Amazon is a fairly poor predictor of what I might like to read next. For some reason, their algorithms just don’t work well on me. I am trying to think of a time when Amazon suggested a book, and I thought, Yes, that is exactly what I need.
I’m thinking about this today for two reasons: first, because I’m in one of those in-between states, where I can’t quite figure out what to read next; and second, because of an Amazon email that’s been sitting in my inbox since yesterday with a subject: “Discovery your next read.”
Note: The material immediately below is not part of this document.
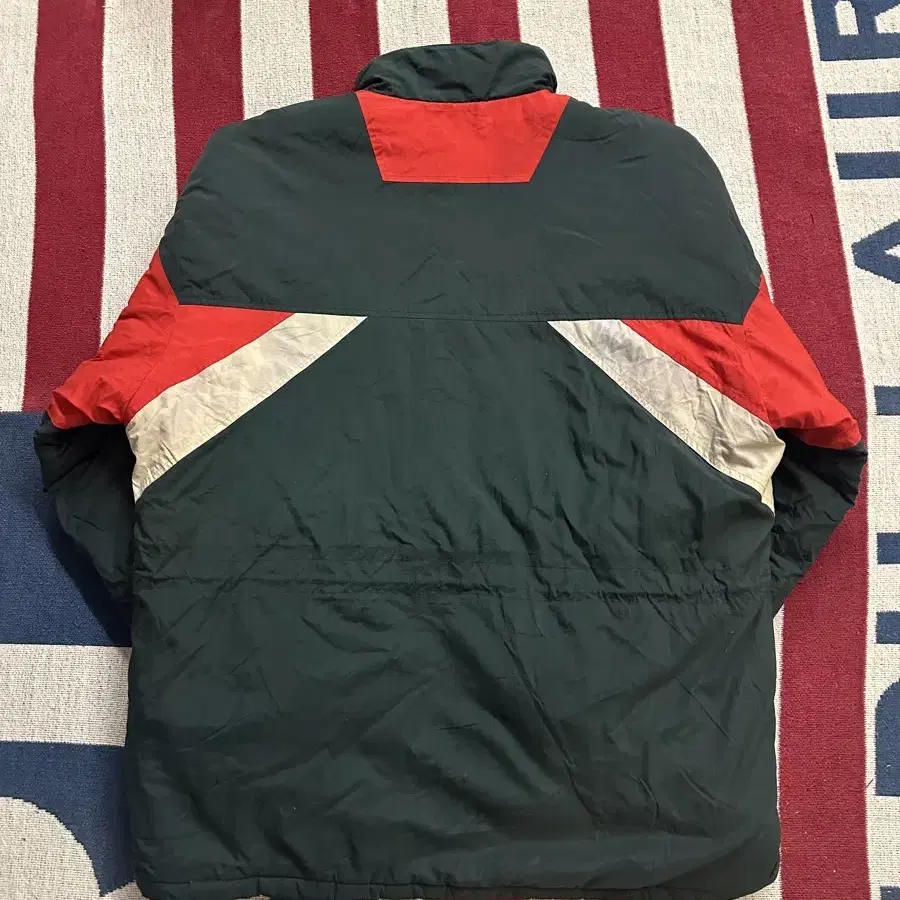 FILA ITALIA dark green quilting jacket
The email was well-timed, what with me at sea between books, so of course I took a look at it. The list offered ten possibilities broken into five groups. They are as follows:
Recommended for you
- Bird by Bird: Some Instructions on Writing and Life by Anne Lamott. I suspect this is because I recently read The Destiny Thief: Essays on Writing, Writers and Life by Richard Russo. Okay, maybe this is a fair recommendation, but there is a little luck involved here, as I will explain shortly.
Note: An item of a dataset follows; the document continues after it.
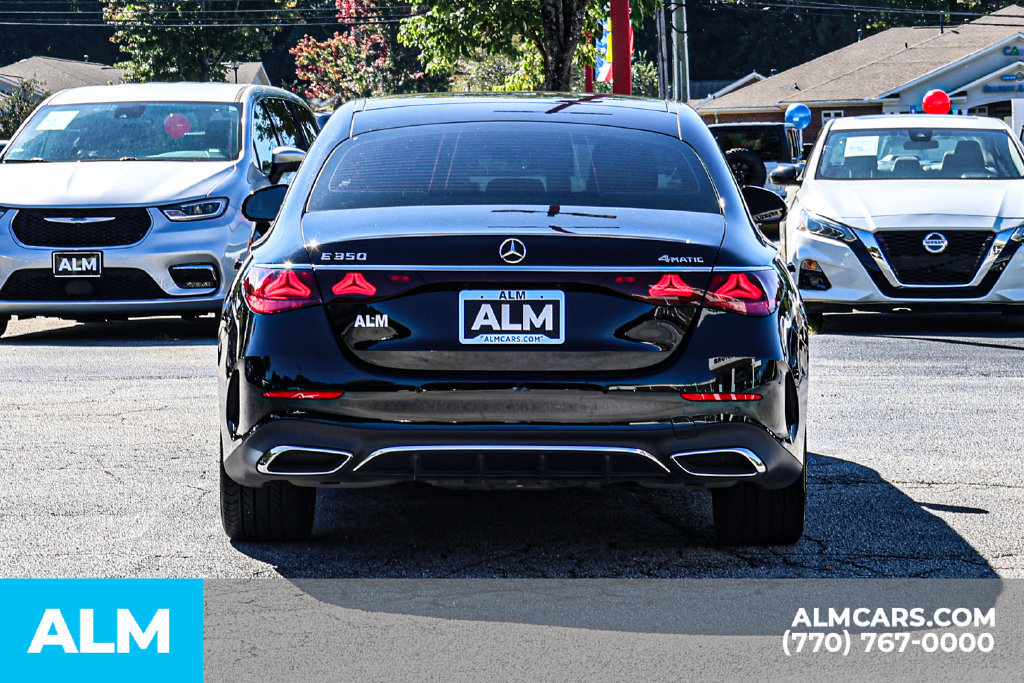 Used 2024 Mercedes-Benz E 350 4MATIC Sedan w/ Driver Assistance Package image 11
- The Pioneers by David McCullough. This would be a great recommendation, right up my alley, if not for the fact that I have already read it.
Based on your reading
- Bridge of Sighs by Richard Russo. This is a better recommendation than the Anne Lamott because I just finished reading Empire Falls. See, I went from reading about Russo to wanting to read his writing, not more about writing. That’s the problem with the Lamott recommendation–well, one of them, anyway.
- Plain Text: The Poetics of Computation by Dennis Tenen. I suspect this is because I am partway through a fantastic book called Track Changes by Matthew Kirschenbaum, a history of the word processor. The only problem is, I’ve stalled on that book, not because it is bad–it is fantastic. But I am looking for something else at the moment. That makes Plain Text interesting, but not right for the moment.
Inspired by your wishlist
- The Joy of x: A Guided Tour of Math from One to Infinity by Steven Strogatz. It does sound interesting, but no, not now.
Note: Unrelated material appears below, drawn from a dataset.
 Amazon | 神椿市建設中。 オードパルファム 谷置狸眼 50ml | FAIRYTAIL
- Sync: How Order Emerges from Chaos in the Universe, Nature, and Daily Life by Steven Strogatz. Order certainly emerged from chaos here, where I got not one but two books by Strogatz, someone I’ve never heard of. What is on my wishlist that inspired these recommendations?
For you in biographies and memoirs
- Ten Innings at Wrigley by Kevin Cook. Okay, I have this audiobook, and it is downloaded to my phone, which is what I do for books that I plan on reading in the near future. This is a good prediction and recommendation, and I’ll give Amazon credit for this one.
- For the Good of the Game by Bud Selig. Interesting that both recommendations are related to baseball. This would be a good recommendation as well, yet once again, I have already read this book. Indeed, I enjoyed it so much I sent Selig a note, and even got a response from him!–Although it is possible the response I got was a form letter.
For you on Amazon charts
- Where the Crawdad Sings by Delia Owens. I’m sure it’s a great book, but it’s not up there on my radar anywhere.
- The New Girl by Daniel Silva. Not sure why Amazon would recommend the 19th book in a series when I haven’t read the first 18.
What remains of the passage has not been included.